Alaric nodded, moving toward the shimmering, dissipating remains of the Chrono-Simian. Seraphina and Lysander stood side-by-side, extending their hands. A pale, ethereal green light, like captured starlight, emanated from the aberration’s residue, drawn into their bodies. Alaric felt a familiar rush of pleasure as the raw chronal energy surged into him, a deepening of his own connection to time, a quiet strengthening. He shivered, the cold energy invigorating, even as he tracked the subtle growth of his own capacity.
The energy absorbed from this Chrono-Simian was substantial, more than a common beast, but less than some of the more potent temporal echoes he’d encountered in the archives. Yet, for three people to absorb so much, it was testament to the phenomenon. The ancient texts were true: up to four individuals could draw from a single source of chronal energy without diminishing its effect. The reason for the precise number ‘four’ remained a mystery, but it was why noble houses often formed small hunting parties.
“Ah, I can’t absorb anymore,” Seraphina declared, a faint green glow beginning to leak from her fingertips, dissipating into the air. This was the 'dispersing' process, when one reached their innate limit for chronal growth. Lysander, too, ceased absorbing, a similar glow ghosting around him.
Alaric continued to draw in the remaining energy, feeling the envious glances from the two nobles.
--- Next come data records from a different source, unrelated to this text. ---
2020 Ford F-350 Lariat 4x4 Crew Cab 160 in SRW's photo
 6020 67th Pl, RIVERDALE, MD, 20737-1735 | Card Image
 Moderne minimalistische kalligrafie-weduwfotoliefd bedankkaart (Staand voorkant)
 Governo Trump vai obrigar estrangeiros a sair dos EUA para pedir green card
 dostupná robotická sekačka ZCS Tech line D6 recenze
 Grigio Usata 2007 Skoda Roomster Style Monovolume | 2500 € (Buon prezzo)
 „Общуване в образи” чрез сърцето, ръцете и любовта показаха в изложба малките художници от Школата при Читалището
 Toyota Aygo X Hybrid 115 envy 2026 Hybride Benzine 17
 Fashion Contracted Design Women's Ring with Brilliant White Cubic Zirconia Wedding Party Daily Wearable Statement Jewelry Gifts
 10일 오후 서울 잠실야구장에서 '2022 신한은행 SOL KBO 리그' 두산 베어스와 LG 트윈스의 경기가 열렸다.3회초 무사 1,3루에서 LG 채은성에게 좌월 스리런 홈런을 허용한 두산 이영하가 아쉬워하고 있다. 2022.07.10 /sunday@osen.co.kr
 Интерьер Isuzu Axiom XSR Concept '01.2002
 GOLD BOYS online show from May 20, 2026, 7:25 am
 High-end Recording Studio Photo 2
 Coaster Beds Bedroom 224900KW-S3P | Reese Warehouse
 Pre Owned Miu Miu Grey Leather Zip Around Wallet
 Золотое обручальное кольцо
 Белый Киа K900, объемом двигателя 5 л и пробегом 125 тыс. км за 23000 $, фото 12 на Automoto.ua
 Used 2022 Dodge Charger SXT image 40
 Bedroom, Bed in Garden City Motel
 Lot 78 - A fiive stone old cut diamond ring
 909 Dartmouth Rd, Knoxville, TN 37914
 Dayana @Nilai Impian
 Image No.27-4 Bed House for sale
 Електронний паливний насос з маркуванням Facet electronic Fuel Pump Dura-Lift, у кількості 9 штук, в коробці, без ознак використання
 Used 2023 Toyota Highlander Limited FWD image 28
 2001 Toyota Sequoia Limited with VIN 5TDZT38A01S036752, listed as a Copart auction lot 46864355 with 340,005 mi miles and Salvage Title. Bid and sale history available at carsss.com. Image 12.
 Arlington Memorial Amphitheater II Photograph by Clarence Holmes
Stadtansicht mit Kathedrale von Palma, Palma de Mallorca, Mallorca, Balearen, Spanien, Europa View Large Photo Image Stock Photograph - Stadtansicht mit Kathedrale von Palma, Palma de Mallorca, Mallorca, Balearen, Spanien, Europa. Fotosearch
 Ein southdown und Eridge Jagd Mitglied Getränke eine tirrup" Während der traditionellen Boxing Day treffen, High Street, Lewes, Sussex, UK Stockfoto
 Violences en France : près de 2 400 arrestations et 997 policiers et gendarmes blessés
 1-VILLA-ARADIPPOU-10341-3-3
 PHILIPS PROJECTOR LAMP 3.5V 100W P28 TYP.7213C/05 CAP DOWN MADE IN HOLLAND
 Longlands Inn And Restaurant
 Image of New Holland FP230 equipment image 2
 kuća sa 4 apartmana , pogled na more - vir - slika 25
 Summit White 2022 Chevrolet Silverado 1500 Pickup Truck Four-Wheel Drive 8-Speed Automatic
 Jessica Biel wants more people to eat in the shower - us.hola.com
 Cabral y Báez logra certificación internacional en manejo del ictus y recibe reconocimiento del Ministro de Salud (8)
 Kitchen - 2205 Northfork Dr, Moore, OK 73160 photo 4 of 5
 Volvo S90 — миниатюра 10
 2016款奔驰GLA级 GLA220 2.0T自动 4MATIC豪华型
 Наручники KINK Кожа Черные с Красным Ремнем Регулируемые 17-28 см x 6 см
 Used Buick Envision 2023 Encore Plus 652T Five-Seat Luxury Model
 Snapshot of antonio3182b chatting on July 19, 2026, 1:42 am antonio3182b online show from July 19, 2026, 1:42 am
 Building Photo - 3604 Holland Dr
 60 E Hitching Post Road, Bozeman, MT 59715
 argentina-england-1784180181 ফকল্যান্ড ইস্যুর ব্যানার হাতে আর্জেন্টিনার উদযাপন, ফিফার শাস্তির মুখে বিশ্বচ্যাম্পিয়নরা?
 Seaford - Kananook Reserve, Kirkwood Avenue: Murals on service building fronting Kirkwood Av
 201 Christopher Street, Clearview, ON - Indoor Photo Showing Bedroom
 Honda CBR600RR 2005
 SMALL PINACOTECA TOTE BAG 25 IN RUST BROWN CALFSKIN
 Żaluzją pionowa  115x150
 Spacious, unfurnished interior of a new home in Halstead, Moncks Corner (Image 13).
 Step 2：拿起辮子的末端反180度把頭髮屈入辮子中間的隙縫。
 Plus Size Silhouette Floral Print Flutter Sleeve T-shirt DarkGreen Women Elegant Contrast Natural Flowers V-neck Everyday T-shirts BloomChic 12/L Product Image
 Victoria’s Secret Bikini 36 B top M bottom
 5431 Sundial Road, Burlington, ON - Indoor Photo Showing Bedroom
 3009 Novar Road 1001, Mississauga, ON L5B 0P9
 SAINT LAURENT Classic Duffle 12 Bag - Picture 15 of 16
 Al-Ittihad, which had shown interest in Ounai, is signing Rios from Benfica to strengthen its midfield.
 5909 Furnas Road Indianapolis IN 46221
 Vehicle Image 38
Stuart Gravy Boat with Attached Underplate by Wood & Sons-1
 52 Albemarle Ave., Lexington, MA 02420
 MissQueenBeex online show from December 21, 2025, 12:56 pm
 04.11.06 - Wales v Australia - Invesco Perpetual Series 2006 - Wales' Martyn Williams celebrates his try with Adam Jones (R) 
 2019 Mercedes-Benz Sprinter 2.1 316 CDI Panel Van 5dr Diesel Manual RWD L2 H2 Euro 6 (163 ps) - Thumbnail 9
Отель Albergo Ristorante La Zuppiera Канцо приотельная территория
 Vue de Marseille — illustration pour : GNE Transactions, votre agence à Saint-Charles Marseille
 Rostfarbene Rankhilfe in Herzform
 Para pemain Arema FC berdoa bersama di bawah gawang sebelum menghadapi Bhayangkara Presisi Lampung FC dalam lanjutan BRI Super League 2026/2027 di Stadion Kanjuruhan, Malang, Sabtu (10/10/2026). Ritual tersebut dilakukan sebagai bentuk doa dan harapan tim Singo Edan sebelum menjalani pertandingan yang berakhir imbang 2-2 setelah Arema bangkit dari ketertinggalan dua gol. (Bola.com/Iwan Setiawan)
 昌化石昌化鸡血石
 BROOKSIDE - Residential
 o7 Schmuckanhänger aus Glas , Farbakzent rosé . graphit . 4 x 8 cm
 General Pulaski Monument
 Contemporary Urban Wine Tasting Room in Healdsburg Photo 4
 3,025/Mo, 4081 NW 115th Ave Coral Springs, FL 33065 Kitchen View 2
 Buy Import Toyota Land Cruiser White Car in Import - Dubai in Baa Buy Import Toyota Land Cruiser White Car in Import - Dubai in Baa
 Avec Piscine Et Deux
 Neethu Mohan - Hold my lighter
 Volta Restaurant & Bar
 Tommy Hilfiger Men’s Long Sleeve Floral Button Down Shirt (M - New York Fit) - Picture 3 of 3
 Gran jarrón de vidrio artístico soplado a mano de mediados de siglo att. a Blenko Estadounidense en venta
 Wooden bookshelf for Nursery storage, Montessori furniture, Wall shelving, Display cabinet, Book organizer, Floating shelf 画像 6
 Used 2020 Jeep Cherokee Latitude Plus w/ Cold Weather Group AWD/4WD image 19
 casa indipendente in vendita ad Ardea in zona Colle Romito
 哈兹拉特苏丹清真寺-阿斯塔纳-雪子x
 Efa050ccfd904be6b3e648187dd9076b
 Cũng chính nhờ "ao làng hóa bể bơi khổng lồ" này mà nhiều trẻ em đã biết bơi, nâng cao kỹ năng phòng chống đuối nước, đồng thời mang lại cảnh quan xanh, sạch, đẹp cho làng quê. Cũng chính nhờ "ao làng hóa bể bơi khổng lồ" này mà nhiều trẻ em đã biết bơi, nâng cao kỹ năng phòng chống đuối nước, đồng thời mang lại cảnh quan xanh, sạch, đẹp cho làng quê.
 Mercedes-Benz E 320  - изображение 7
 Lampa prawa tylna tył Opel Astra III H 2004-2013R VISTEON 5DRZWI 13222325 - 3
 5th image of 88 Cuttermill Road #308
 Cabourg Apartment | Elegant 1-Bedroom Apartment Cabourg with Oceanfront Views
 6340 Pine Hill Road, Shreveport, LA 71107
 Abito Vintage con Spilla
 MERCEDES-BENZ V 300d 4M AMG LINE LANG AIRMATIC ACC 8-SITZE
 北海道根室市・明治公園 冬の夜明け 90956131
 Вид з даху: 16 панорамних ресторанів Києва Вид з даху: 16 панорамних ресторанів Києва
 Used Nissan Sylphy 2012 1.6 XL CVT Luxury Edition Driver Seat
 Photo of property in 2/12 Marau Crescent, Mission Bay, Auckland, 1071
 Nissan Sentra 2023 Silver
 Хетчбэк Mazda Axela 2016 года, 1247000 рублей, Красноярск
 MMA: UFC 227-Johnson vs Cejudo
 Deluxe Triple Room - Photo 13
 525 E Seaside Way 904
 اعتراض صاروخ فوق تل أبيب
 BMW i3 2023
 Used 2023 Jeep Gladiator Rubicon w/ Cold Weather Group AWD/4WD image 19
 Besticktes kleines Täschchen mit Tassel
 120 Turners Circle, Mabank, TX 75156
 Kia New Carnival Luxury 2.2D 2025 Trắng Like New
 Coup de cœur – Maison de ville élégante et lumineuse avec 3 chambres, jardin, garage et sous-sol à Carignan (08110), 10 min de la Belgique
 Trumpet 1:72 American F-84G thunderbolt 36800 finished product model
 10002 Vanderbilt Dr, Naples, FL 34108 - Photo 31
He absorbed it all, until only the faint smell of burnt ozone remained.
---
On the return journey to Veridia, Seraphina and Lysander recounted the hunt, their voices animated. They boasted of their heroic charges, their quick thinking, their devastating displays of aetherial power. Their selective memory conveniently omitted the part where Aetherium Guards became disposable shields. Alaric listened, quiet, his mind already drifting back to the archives, to the deeper, unsettling truths about Veridia’s fractured history, and the burden of his own terrible secret.